With so many books about racing cars, great races, race circuits and so on, we have often wondered when the drivers, treated individually rather than as a collective subject for scientific analysis, or singly as in their various personal biographies, would appear.

This book fills the gap, or partially does so—I say only partially, for it is a cross-section of autobiographies of some of the great drivers down the years, from 1898 to 1961—but only a cross-section, because drivers of today are ignored and, indeed, the selection of “greats” includes only 29 drivers. Moreover, various specialist writers were commissioned to write about a driver or drivers of their fancy, so that hero-worship can be sensed where a dispassionate appraisal might have been more appropriate, and there is some inconsistency, inasmuch as treatment differs from author to author, and a driver’s outstanding victories are catalogued in some cases but not in all. Moreover, some chapters are superficial, one contains information afterwards questioned in a footnote, an American record is claimed as a L.S.R. when it was not recognised in Europe, and there are other inaccuracies.

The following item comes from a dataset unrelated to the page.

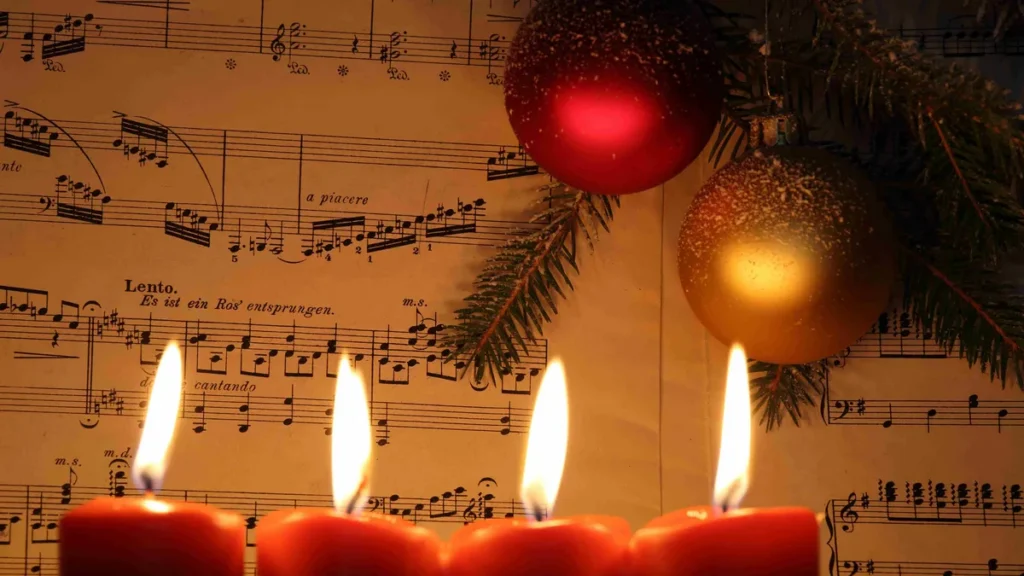 Imagem Velas do Advento com partitura de musica do artigo Músicas do Advento que inspiram a oração em família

This is, then, a rather casual study of the top-rank racing drivers down the ages, written as different authorities saw and assessed them. Thus we have Ickx on Camille Jenatzy, W.F. Bradley writing about Felix Nazzaro, Robert Benoist and Louis Chiron, von Frankenberg dealing with Lautenachlager and Caracciola, Scott-Bailey giving his impression of the American Bruce-Brown, Kaufman telling us of another American, Ralph de Palma, S.C.H. Davis writing about Georges Boillot, the idol of France (it is interesting, in view of what has passed in these pages in recent months, that he gives Boillot’s dramatic retirement from the 1914 French Grand Prix as due to engine trouble), and Posthurnus bringing back to memory Segrave and Rosemeyer. They commissioned Gianni Canullieri to write of the Ascaris, Antonio and Alberto, Eason Gibson to promote his unquestionable champion Nuvolari, Walkerley to contribute chapters about Fagioli, Birkin and Etancelin, while there is Gianni Martin on Varzi, Seoniger on Stuck, Eves on Wimille, Gibson again, on Sommer, Boddy on Seaman, Editor Hodges on Lang, Bloemker on Wilbur Shaw, Lurani on Farina, Kirbus on Fangio, Philip Turner on Hawthorn, Gregor Grant on Collins and Jenkinson on Moss—so it comes out at less than Is. 6d. per driver.

There are also plenty of excellent pictures, each driver getting a full-page illustration as well as action shots; it is significant of the dearth of fresh illustrative material that the publishers proclaim proudly that some are now published for the first time. This is a Temple Press book published by George Newnes Ltd.—W.B.